A general unifying framework treats relaxation as a scalar parameter adjustment in numerical integrators to enforce discrete invariants:

• Given a provisional update $\tilde u^n$ and an estimate $\tilde \eta$ of a smooth functional $\eta(u)$, the next step is set as a convex combination, $u^n = \bar u^n + \gamma(\tilde u^n - \bar u^n)$, where the relaxation factor $\gamma$ is chosen to enforce conservation or monotonic decay of $\eta$ (Ranocha et al., 2020).
• Analytical results demonstrate that, under mild nondegeneracy or convexity, this relaxation step preserves the baseline order of accuracy and produces unique $\gamma=1+O(h^{p-1})$.
• This structure is flexible, encompassing Runge–Kutta, multistep, general linear methods, and variable step sizes, and supports both conservation and dissipation constraints without extra order conditions (Ranocha et al., 2020).

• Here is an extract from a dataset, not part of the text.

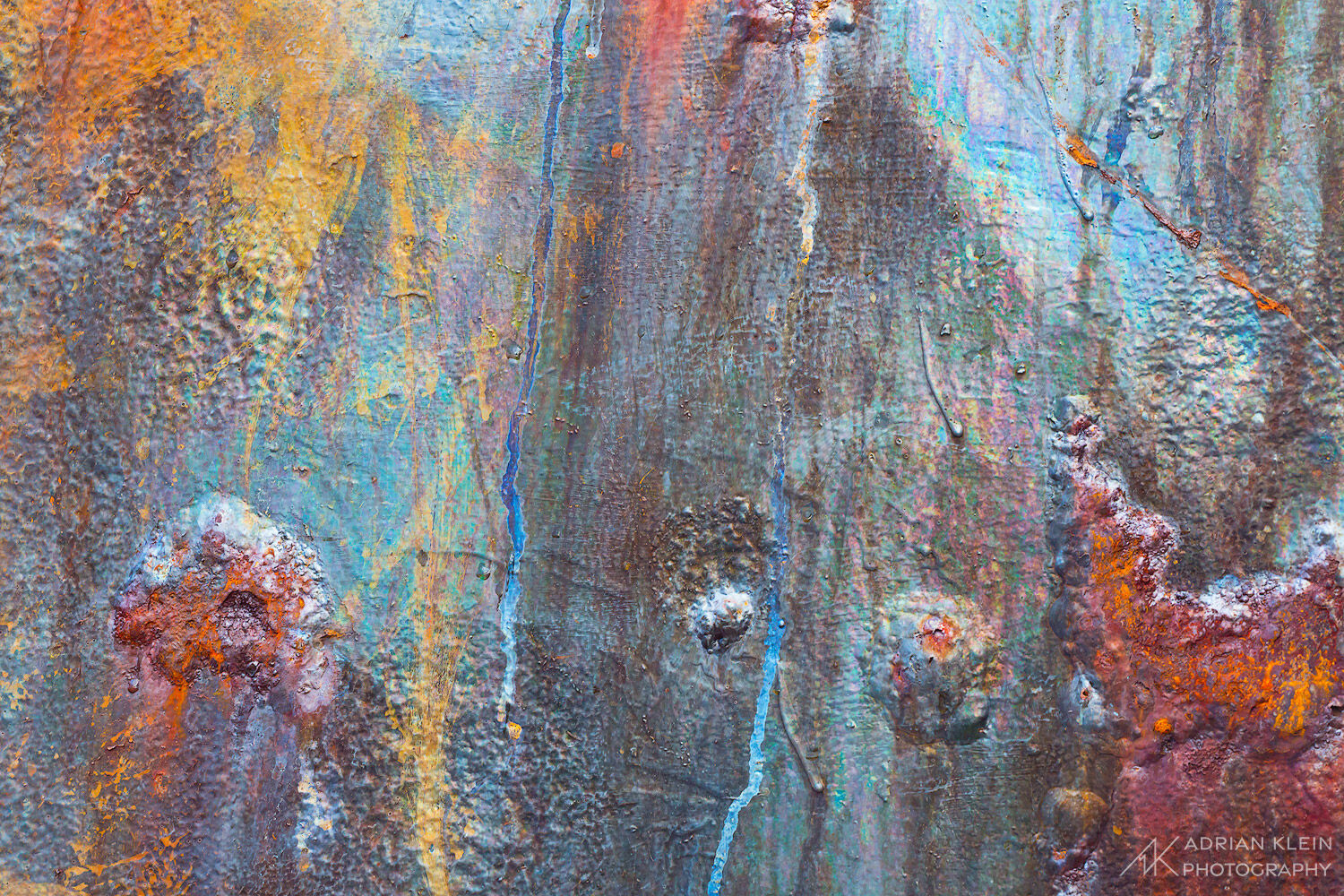 Rust and paint peeling and dripping on old ship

7. Uniformity and Multiscale Robustness

A defining property of Controlled Accuracy Relaxation is uniformity with respect to multiscale or stiff parameters:

• For IMEX schemes and auxiliary variable methods, error estimates, stability, and conservation/dissipation are maintained uniformly in the stiffness parameter (e.g., $\varepsilon$ in relaxation problems), enabling use of large time steps set by accuracy alone rather than stiffness-induced restrictions (Hu et al., 2019, Hu et al., 2023, Zhao, 2021, Jiang et al., 2021).
• This uniform behavior bridges disparate regimes—hyperbolic ($\varepsilon \gg \Delta t$), parabolic ($\varepsilon \sim \Delta t$), and asymptotic-preserving ($\varepsilon \ll \Delta t$)—eliminating order reduction scenarios and simplifying simulation design (Hu et al., 2019, Hu et al., 2023).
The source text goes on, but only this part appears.